There's an interesting article about the revival of welfare reform as a top topic in politics.

My perspective on this is ... uncommon. I share the liberal sentiment that a decent society ought not to allow its poorer citizens to starve and die, and so should provide an effective social safety net. I also share the conservative sentiment that giving free handouts, especially on an indefinite basis, does not encourage self-sufficiency and can encourage indolence. There is a profoundly practical aspect to my stance: if people are left without their basic survival needs met, they have a tendency to cause problems and wind up in jail or in the emergency room; and that's *expensive* and ruinous to good order. But neither the liberal money-flinging nor the conservative abandonment work very well as poverty resolution; America has tried both in repeated cycles, and here we are again.

What I'd like to see would be a deliberate and thorough connection of needs to resources. Start by setting aside a generous amount of money for the social safety net. Make a list of Things That Need Doing. When people come in needing money, get a list of their skills; match List B to List A. Here's your check, here's a list of work opportunities, pick one. It's not charity if people are giving something back. If they don't have skills, put them in a training program (which can be taught by people who do have skills) and meanwhile they can do something simple, like shoveling snow off the sidewalks of senior citizens. The result is not quite a real job, but it takes less money than paying a full salary -- the government doesn't have to come up with cash for everything, but could make part of the package consist of surplus food, tools, clothing, etc. The skills and experienced gained would still be useful in the regular job market. Even the people managing the program could be compensated partly in services: need your lawn mowed, put it on the task list.

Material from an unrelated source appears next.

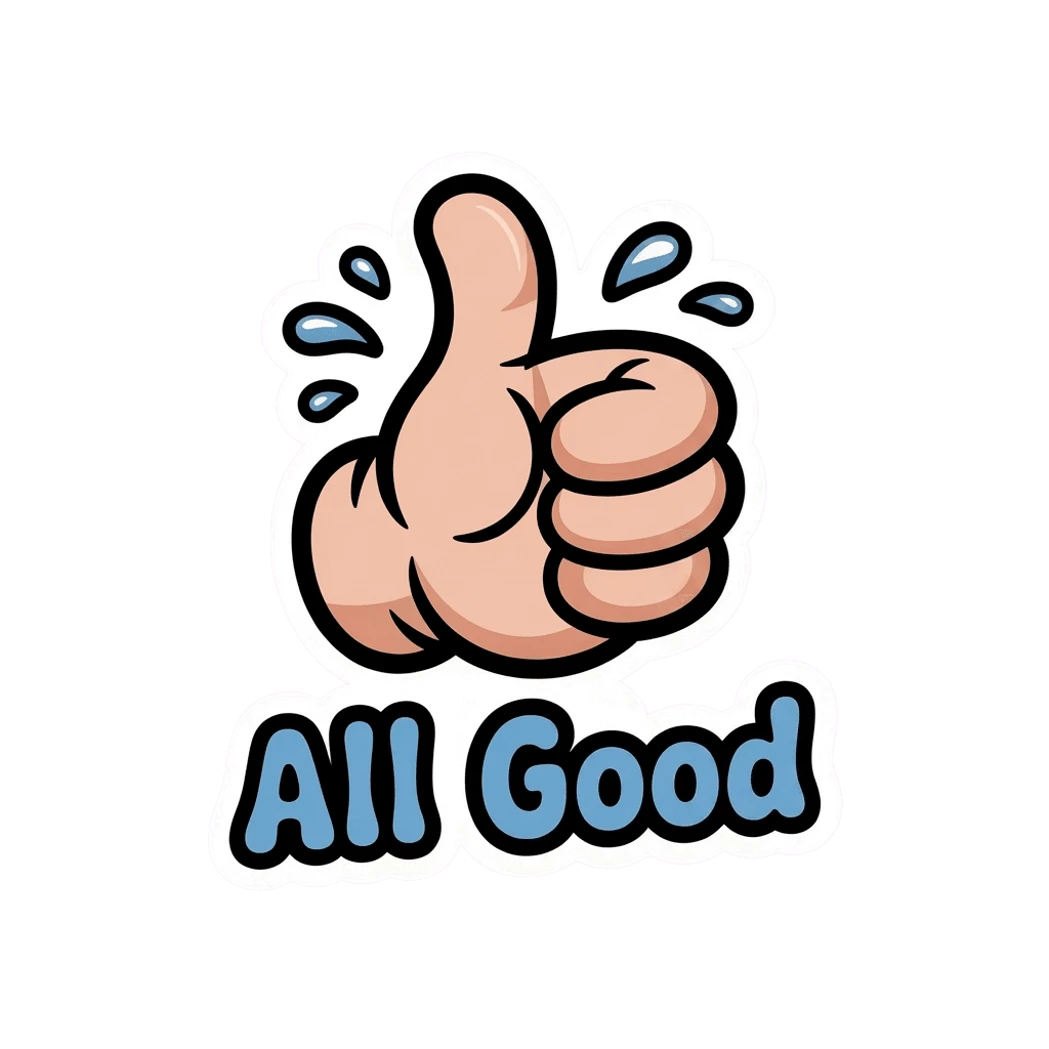 Thumbs Up All Good Cartoon Sticker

In order to solve a problem, you have to find the root cause and fix that. Why are people poor? Reasons include: job loss, few/no marketable skills, illiteracy, no educational certifications, substance abuse, lack of transportation, must take care of dependents, health problems, etc. Job loss can be hard to fix if the whole economy is tanking; wider economic solutions are needed. Employment services help, but only if there are job openings. Lack of skills, illiteracy, and lack of education can be fixed by teaching; there are some programs for this, which should be greatly expanded. Substance abuse can be handled with AA and other systems designed for that. Lack of transportation, well, this is the flip side of that shipping discussion we just had, only with people: boost public transportation and make sure it goes from where people are to where jobs are. Better yet, work on getting people and jobs into the same place. Availability of childcare and eldercare -- which in some cases could be merged! -- can free up able adults for the job market. Health problems tie into the unfortunate state of American health care, which is another whole can of worms needing much problem-solving. But one thing that would help tremendously would be the rise of temp agencies specializing in people whose health is variable, so they could quickly find work in the days or weeks when they're okay, and not be fired repeatedly because their health is too unreliable to hold an ordinary permanent job. That's another good place for skill-to-task matching.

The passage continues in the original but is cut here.